Leaked Memos Quote DA Todd Spitzer On Why Black Men Date White Women
OC Watch has obtained three memos describing a high-level meeting that took place between Orange County District Attorney Todd Spitzer and some of his most senior prosecutors. In the meeting, which took place in the context of deciding whether to seek the death penalty against a Black man, one of Spitzer’s most senior prosecutors summarized that Spitzer allegedly said that “he knows many black people who get themselves out of their bad circumstances and bad situations by only dating ‘white women’” and that while in college, Spitzer “knew for sure that this black student did so on purpose to get himself out of this bad circumstances and situations.” People who attended the meeting have characterized these comments as “racist”.
The existence of the internal memos documenting these events are the oxygen for a whisper network that has grown steadily in volume over the past week. OC Watch has now viewed these three memos in their entirety.
The memos memorialize a meeting that Todd Spitzer and his senior prosecutors held to discuss details of the case against Jamon Buggs, a Black personal trainer accused of murder which sparked a larger conversation about the prospects of the use of the death penalty against Buggs.
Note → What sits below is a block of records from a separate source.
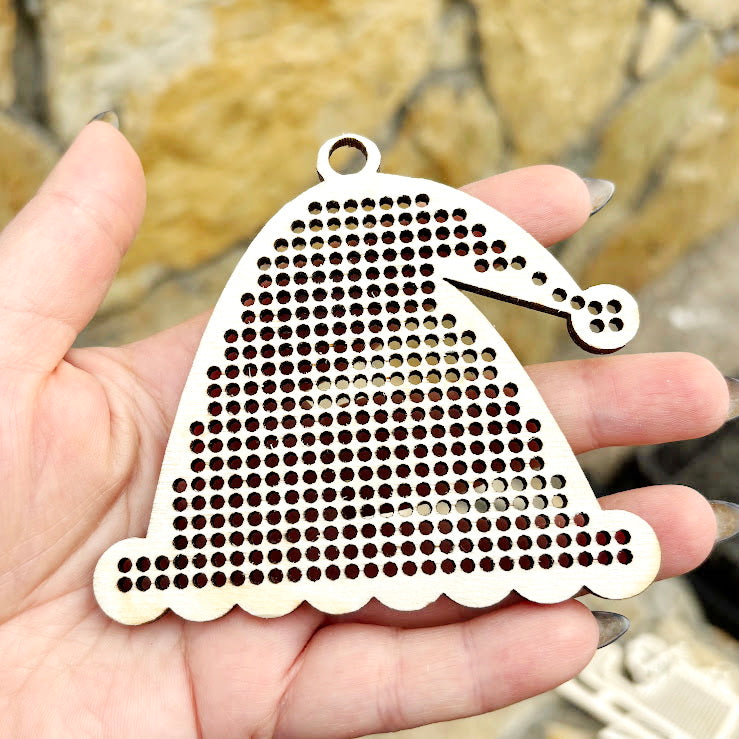 Large wooden Christmas cross stitch blanks set – laser cut birch plywood ornaments with big holes (2.25 mm) – embroidery decor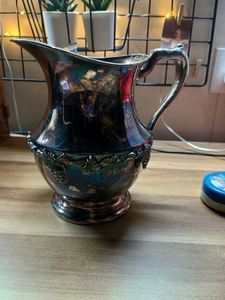 Vintage LB Silver Silverplate Water Pitcher- Grape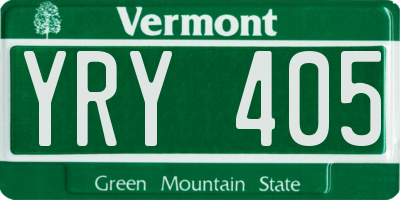 VT license plate YRY405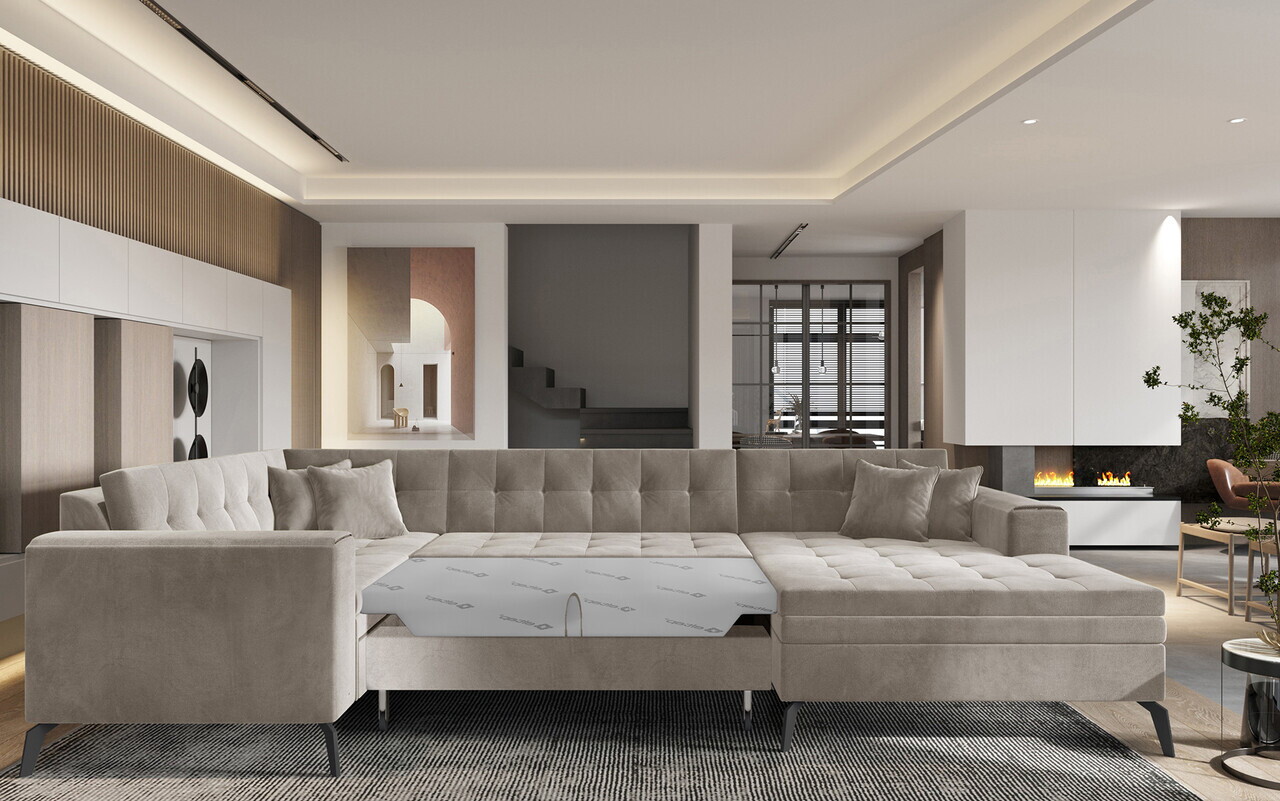 Coltar extensibil dreapta 5 locuri ELTAP, MON-RT-18SO, Montez, 340x180x93 cm, lemn/poliester, bej - view 3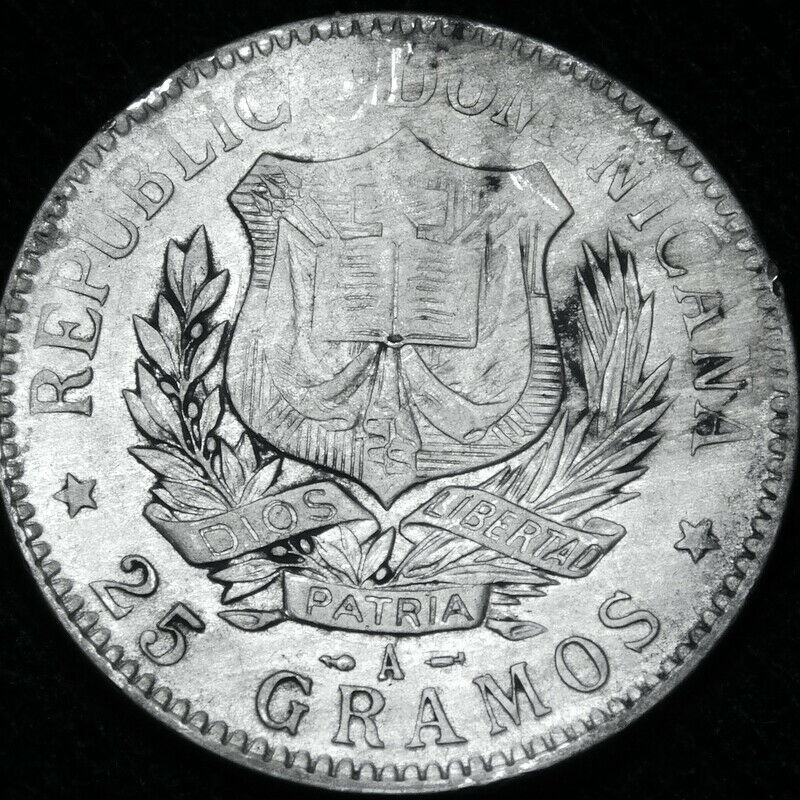 1897 One Peso  Large Silver Coin of Dominican Republic  1897  A47-458 - Fresh Stock Dated December 2025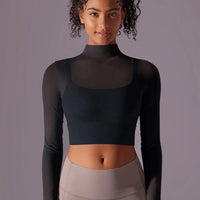 Crop Top Sport Respirant Maille Manches Longues | Yogaova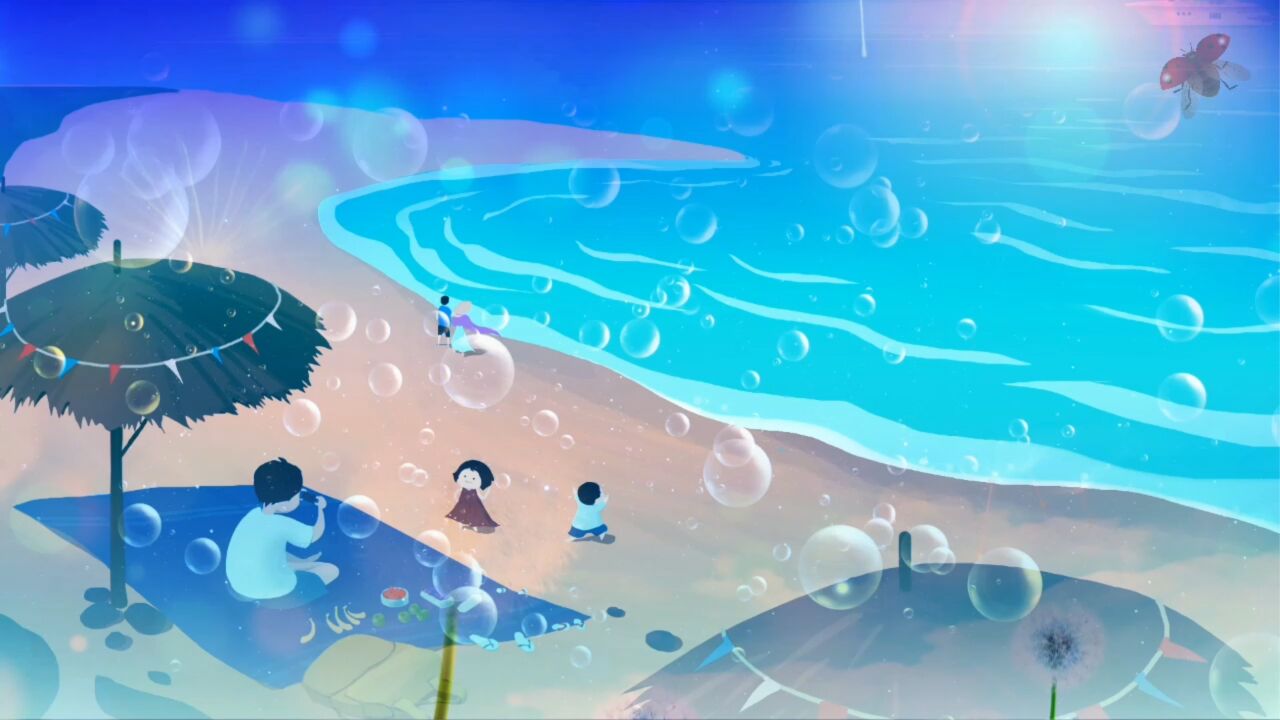 小小一粒沙 卡通沙滩 贝壳 童年儿童晚会舞台歌唱大屏幕高清led背景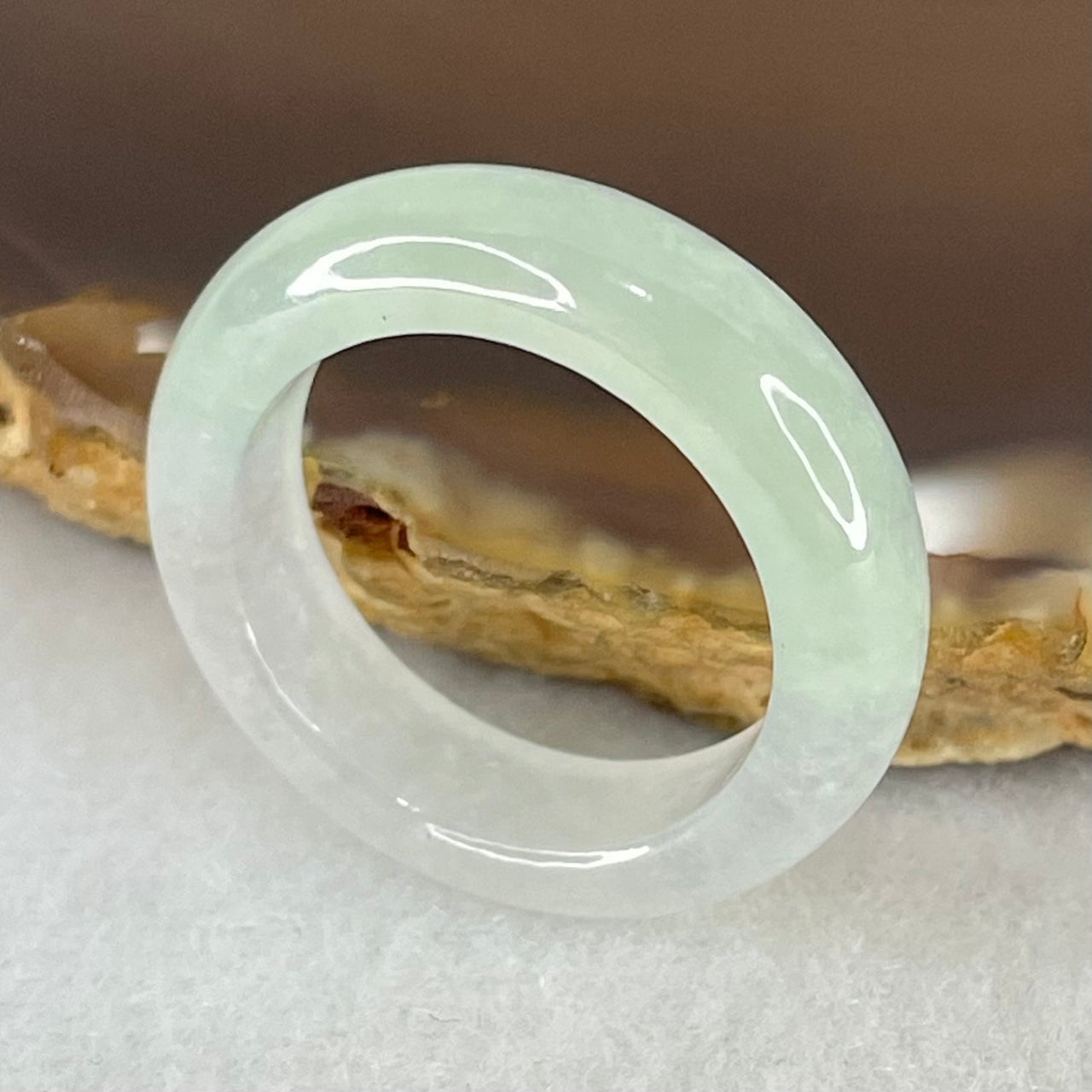 Type A Semi Icy Faint Green Jadeite Ring 4.54g 6.1 by 4.0mm US7.9 HK17.5 (Perfect) - Huangs Jadeite and Jewelry Pte Ltd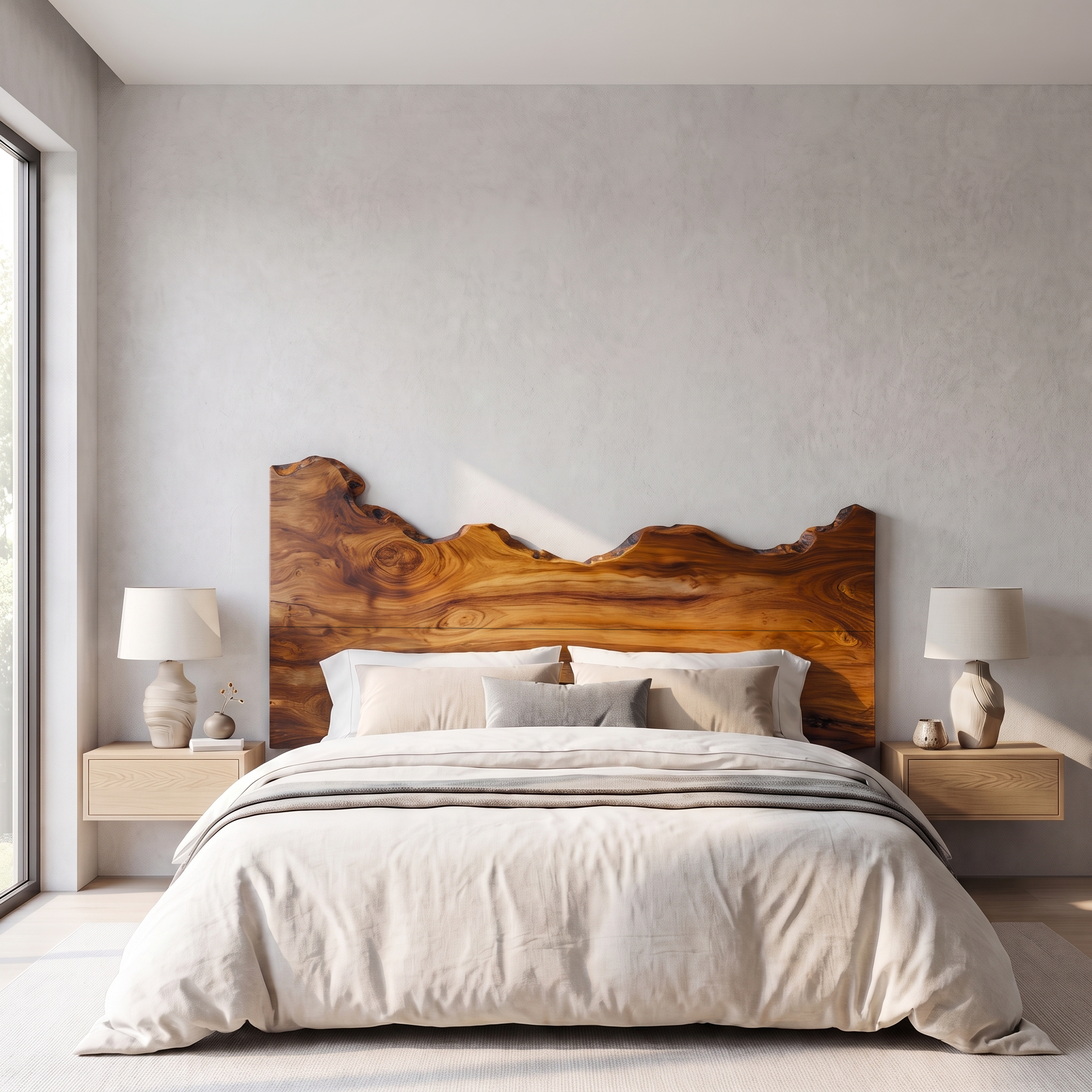 Contemporary Live Edge Wood Headboard For Bedroom SINLSAHB063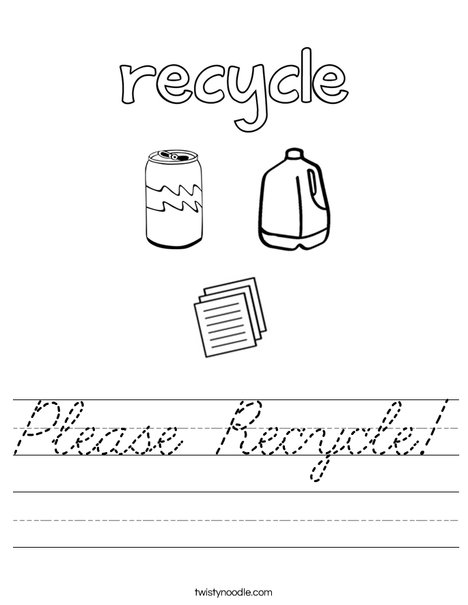 Recycle Worksheet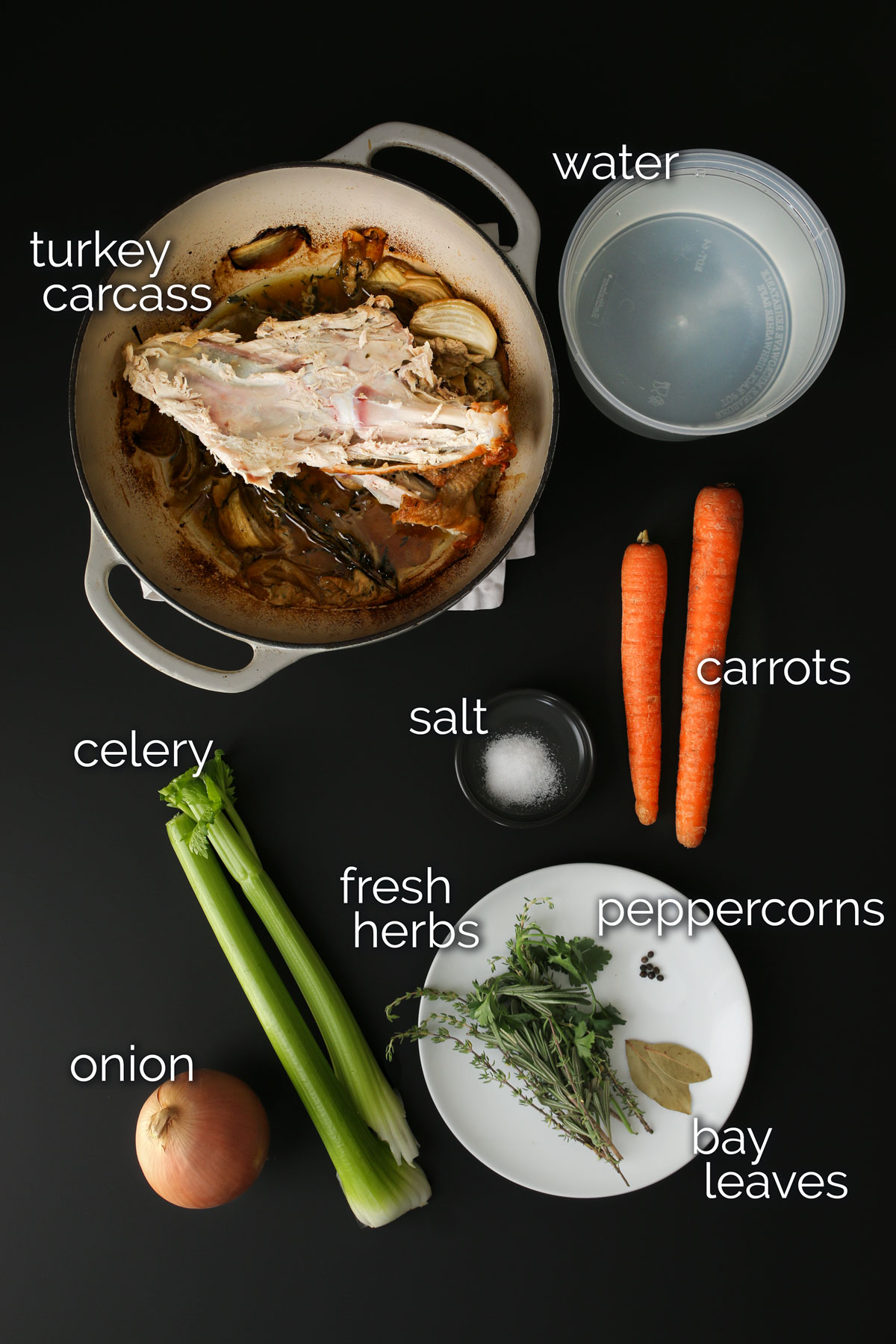 ingredients for turkey stock laid out on a black table top.
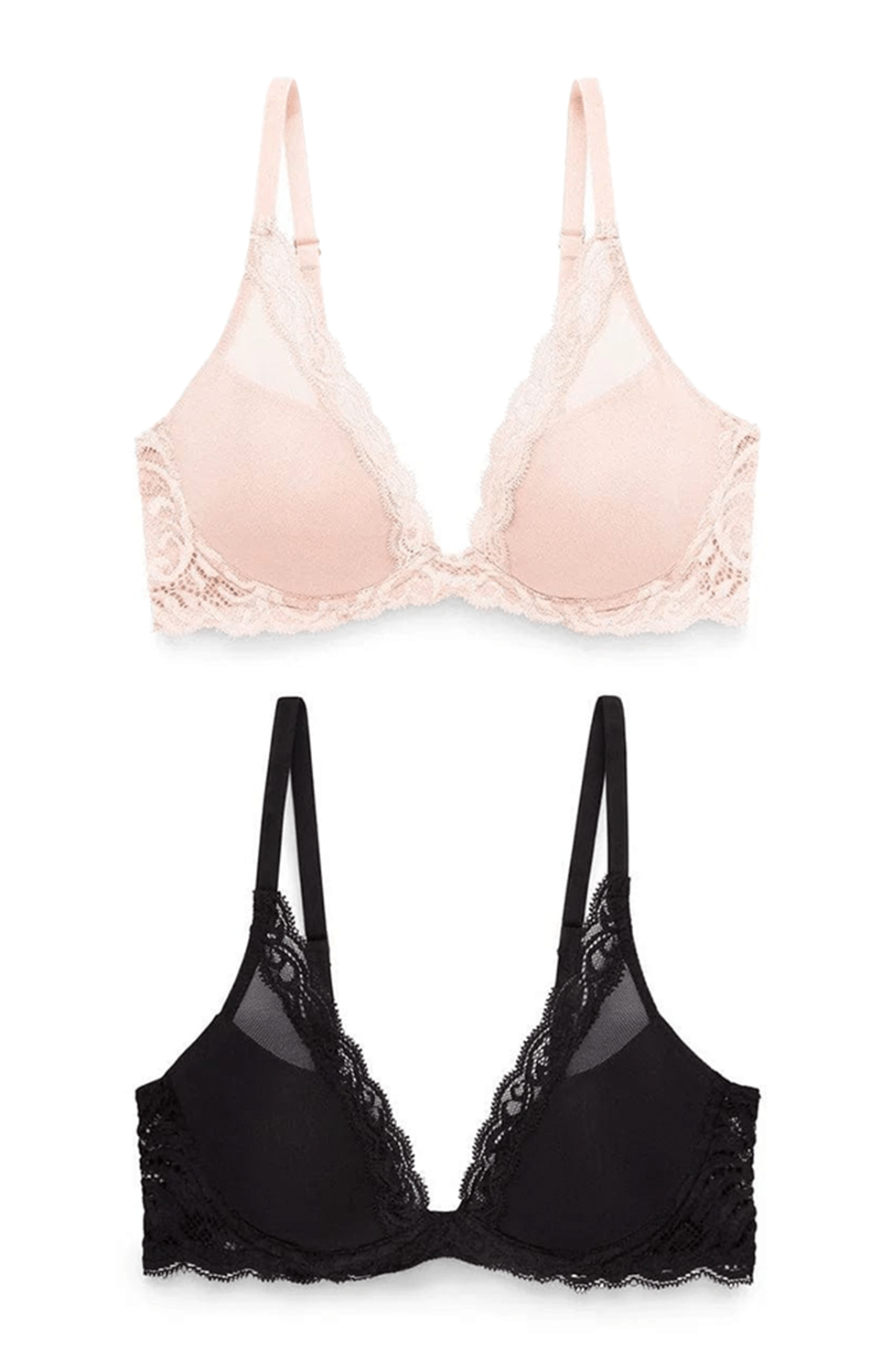 Sheer Lingerie Natori Bras Feathers Contour Plunge Bra Bundle Set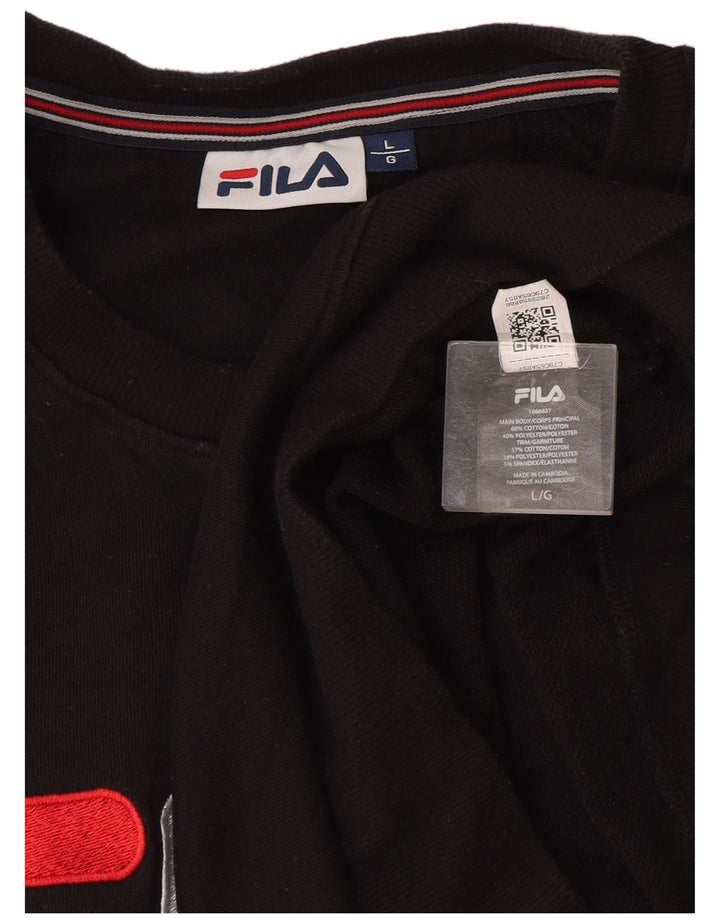 Fila Mens Graphic Sweatshirt Jumper Large Black Cotton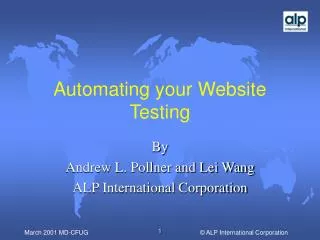 Automating your Website Testing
The documents are the first to emerge from a meeting that has been the subject of intense speculation in and around Orange County political circles since the firing of senior prosecutor Ebrahim Baytieh first broke last week. According to Todd Spitzer, Baytieh was fired for alleged misconduct related to an ongoing jail informant scandal. Nothing to see here, Spitzer barked to anyone who would listen, the firing of Baytieh was nothing other than Todd Spitzer fulfilling a pledge that he would not “tolerate the ‘win at all costs’ mentality of the prior administration.”
The firing of Ebrahim Baytieh struck a discordant note with observers in the legal community given that Spitzer had personally promoted Baytieh within the office, describing him as his “North Star”, “someone you look up to and guide you” and a person that “I listen to a lot”.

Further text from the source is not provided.